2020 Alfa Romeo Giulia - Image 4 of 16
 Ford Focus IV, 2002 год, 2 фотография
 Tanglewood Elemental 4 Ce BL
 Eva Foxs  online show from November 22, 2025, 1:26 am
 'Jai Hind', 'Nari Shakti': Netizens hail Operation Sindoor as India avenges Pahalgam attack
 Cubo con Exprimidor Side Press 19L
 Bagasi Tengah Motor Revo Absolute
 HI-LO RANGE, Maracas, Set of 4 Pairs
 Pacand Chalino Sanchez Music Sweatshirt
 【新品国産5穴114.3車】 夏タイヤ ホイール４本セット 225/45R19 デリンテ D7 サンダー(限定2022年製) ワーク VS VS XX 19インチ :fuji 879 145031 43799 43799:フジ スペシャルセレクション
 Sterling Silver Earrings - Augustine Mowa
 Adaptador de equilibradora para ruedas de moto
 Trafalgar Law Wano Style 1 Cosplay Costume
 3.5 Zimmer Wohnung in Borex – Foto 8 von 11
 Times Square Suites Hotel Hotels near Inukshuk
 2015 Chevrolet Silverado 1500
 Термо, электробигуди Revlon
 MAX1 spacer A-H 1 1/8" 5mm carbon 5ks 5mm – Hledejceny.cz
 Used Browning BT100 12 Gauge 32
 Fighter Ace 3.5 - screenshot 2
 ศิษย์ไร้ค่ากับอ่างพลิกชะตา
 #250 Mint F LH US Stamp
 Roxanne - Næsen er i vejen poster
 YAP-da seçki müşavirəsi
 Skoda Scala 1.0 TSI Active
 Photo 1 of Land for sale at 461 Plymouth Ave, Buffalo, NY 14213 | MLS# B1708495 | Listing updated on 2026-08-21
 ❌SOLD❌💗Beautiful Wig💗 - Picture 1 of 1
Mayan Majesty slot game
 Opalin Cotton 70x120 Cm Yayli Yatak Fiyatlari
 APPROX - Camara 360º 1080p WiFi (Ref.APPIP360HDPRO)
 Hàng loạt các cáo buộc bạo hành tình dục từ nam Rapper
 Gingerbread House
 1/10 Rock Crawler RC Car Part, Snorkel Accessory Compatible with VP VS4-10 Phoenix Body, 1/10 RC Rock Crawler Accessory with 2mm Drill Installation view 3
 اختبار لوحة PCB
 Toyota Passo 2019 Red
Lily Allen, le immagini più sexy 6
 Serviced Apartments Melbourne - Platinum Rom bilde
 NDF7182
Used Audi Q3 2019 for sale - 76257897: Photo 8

→ Task item
Scan the records for the string "Photo". Copy each line in which it appears.

→ Exercise response
 Photo 1 of Land for sale at 461 Plymouth Ave, Buffalo, NY 14213 | MLS# B1708495 | Listing updated on 2026-08-21
Used Audi Q3 2019 for sale - 76257897: Photo 8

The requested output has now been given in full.